Millions of Muslims across Asia began celebrating the Eid al-Fitr holiday on Sunday, with a month of fasting giving way to feasting, family reunions and raucous festivities, AFP reports.
Vast crowds gathered at mosques, fireworks lit up the night sky and tens of millions headed home to villages to see their relatives and mark the end of the holy month of Ramadan.
In the Indonesian capital Jakarta, dozens of drummers accompanied a chanting crowd and fireworks shot up from backyards, while mosques played loud music to usher in week-long festivities in the world's largest Muslim-majority nation.
Dian, who like many Indonesians goes by one name, took his family to a mosque in the capital for an early morning sermon with thousands of Muslims, including sleeping children who had stayed up all night.
"We are very happy today, after 30 days of devoting our life to God," he said.
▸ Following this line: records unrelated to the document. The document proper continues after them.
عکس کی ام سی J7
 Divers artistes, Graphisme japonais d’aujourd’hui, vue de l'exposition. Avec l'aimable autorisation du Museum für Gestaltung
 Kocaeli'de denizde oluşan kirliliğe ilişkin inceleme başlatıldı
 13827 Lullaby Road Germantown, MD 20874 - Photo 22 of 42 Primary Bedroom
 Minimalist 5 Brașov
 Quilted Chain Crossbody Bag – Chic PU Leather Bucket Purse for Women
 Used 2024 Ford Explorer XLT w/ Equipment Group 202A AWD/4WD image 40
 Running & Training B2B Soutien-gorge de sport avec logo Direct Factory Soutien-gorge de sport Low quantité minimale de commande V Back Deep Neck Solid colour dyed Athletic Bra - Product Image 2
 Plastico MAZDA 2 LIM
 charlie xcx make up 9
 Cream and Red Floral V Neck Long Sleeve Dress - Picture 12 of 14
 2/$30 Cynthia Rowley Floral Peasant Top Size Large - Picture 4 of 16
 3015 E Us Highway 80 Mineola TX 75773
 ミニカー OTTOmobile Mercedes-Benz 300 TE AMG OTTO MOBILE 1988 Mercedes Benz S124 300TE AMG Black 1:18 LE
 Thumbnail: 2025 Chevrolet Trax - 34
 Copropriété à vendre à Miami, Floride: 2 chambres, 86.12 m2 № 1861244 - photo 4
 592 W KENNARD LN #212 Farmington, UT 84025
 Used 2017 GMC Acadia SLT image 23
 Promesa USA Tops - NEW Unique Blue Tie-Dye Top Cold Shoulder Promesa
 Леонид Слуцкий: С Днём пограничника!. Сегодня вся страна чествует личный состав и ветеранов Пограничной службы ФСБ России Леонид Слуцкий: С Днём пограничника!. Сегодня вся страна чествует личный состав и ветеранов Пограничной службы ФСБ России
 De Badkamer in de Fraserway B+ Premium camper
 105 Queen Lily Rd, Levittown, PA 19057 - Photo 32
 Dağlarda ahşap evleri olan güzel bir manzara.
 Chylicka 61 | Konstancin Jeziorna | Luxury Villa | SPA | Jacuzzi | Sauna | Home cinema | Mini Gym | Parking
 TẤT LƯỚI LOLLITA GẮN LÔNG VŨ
In China, Muslims in the restive western region of Xinjiang visited the tombs of dead relatives and left offerings of food after morning prayers, state news agency Xinhua reported.
Xinjiang, home to around nine million Muslim Uighurs, a Turkic speaking minority, has been rocked by repeated outbreaks of ethnic violence, with many accusing China's leaders of religious and political persecution.
But Ramadan had "passed peacefully", said Liu Zhenqiang, director of the regional ethnic affairs committee, according to Xinhua.
In Malaysia, Prime Minister Najib Razak opened his official residence in Kuala Lumpur to the public for the start of festivities, with tens of thousands of people attending, among them foreign dignitaries and tourists.
Guests were entertained by top local musicians and dancers and were treated to a huge feast of traditional Malay food.
Muslims in the southern Indian state of Kerala also began Eid on Sunday, a day earlier than Muslims across the rest of the country, with the faithful praying in mosques and charities handing out gifts to the needy.
Festivities were set to start across most parts of Pakistan on Monday, but people were already winding down and getting into the holiday spirit, with markets crowded across the country, including in the capital Islamabad.
Women flocked to stalls to buy jewellery and have their hands painted with henna.
Millions in Bangladesh continued their exodus from major cities to countryside villages before Eid on Monday.
Despite government efforts to stop overcrowding on public transport, millions crammed onto buses, trains and ferries, balancing on rooftops and dangling out of windows.
In war-torn Afghanistan, Eid began with an early morning bomb explosion in a cemetery in the Helmand provincial capital of Lashkar Gah that killed two people and wounded seven others, officials said.
"Women and children were among the victims and they were from one family," Helmand police spokesman Farid Ahmad Farhang told AFP.
Many Afghan families visit the graves of relatives during Eid.
There was no immediate claim of responsibility, but homemade bombs are a favourite weapon of Taliban Islamists fighting to overthrow the Western-backed government of President Hamid Karzai.
In an Eid message, Karzai said: "Even in the holy month of Ramadan, the enemies of Islam and Muslims under the name of Taliban continued to oppress the Afghan nation."